En las cartas de suicida que Arguedas incluyó al final de su novela herida, se puede advertir que encontró albergue entre los personajes. Se asumió como parte del peregrinaje peruano, que es la forma  de su migración; y lo hizo desde la conciencia trágica, y también paradójica, del suicida que se despide protestando su fe en nosotros, sus lectores.  Se excusa de su muerte,  y nos delega su vida.

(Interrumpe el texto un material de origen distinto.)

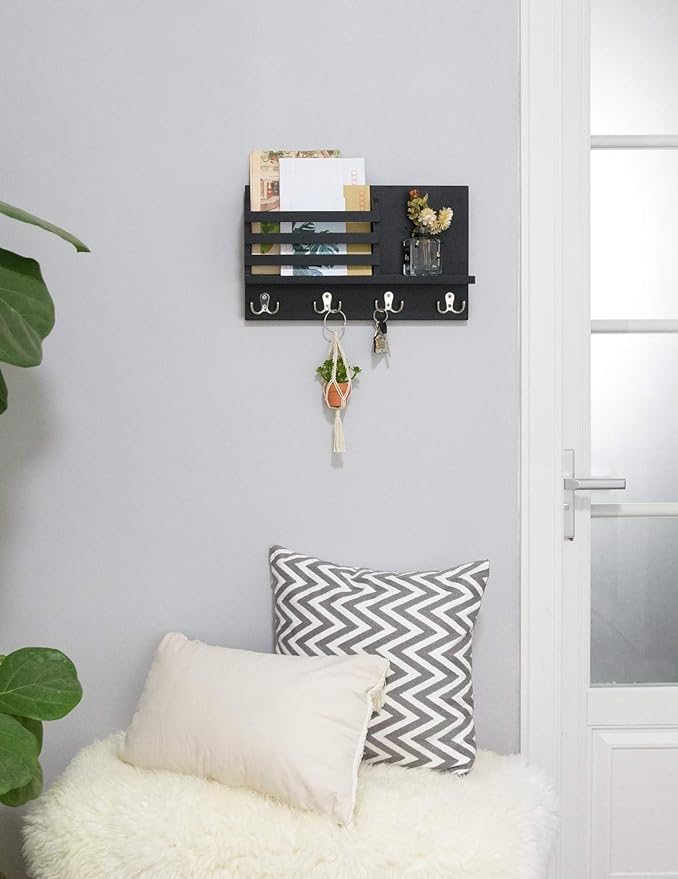 Dahey Wall Mounted Mail Holder Wooden Key Holder Rack Mail Sorter Organizer with 4 Double Key Hooks and A Floating Shelf Rust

La Biblia, fragmentos del libro de Isaías y al final una epístola de Pablo, alimenta con citas y alusiones, una inquietante persuasión cristiana. En primer lugar, este plano de alusiones parece darle sentido sacrificial al padecimiento sin discurso de las víctimas de la modernización. En segundo lugar, la vehemencia enunciativa de Isaías, que resuena también tras algunos poemas de Vallejo, se aviene a la lengua desasida y tremebunda del relato. Pero, lo que es quizá más importante, este lenguaje bíblico posibilita una mediación entre la vida sin sentido y la muerte sin discurso. Ya que la representación social se agota en su propia explicación, en las evidencias; y ya que el mundo es percibido desde la subjetividad alterada por la violencia moderna, esta dimensión mítico-religiosa posibilita articular la diáspora andina como un sacrificio patente y un renacer latente. Los indios que un antecesor de Arguedas (Guamán Poma de Ayala) llamó “los pobres de Jesucrito,” son en el mapa de la migración los nuevos cristianos primitivos.

“Con el Señor hablo bien, derecho,” anuncia don Esteban, declarando su independencia de la práctica religiosa pero afirmando su estirpe cristiana. En su ojo, dice, hay candela que ataja a la muerte.  El habla se levanta “contra la muerte,” a la que ha jurado vencer. Esta figura de rebeldía y sacrificio parece nutrirse de la teología de la liberación, que por entonces Arguedas ha empezado a apreciar desde su diálogo con el padre Gustavo Gutiérrez. Un capítulo se cierra con la epístola de Pablo: “Si yo hablo en lenguas de hombres y de ángeles, pero no tengo amor, no soy más que un tambor que resuena…”

Por un lado se levantan los mercados de la muerte, por otro los discursos de linaje sacro y mágico, sus fragmentos, que confrontan a la modernización desnaturalizadora con su fuerza regenerativa y su utopía comunitaria. Una utopía capaz de recuperar para lo humano el espacio revertido: contra el desierto, tan peruano, del desvalor, Arguedas nos sigue prometiendo la casa acrecentada por el mutuo hacer y el bien decir. La intimidad religiosa de ese proyecto utópico, recorre el espacio infernal convirtiendo al lector en “hombre dialógico”. Contra la moneda del mercado, la palabra es gratuita y compartida. Pero ese gesto no es “arcaico” o “premoderno;” es, más bien, un exceso de modernidad: su promesa medida desde sus incumplimientos. Lo más moderno es lo diverso, inclusivo y plural. Porque si hubiese una sola razón, una sola verdad, un solo discurso, América Latina no tendría lugar en este mundo. José María Arguedas le dedicó la vida a esa esperanza.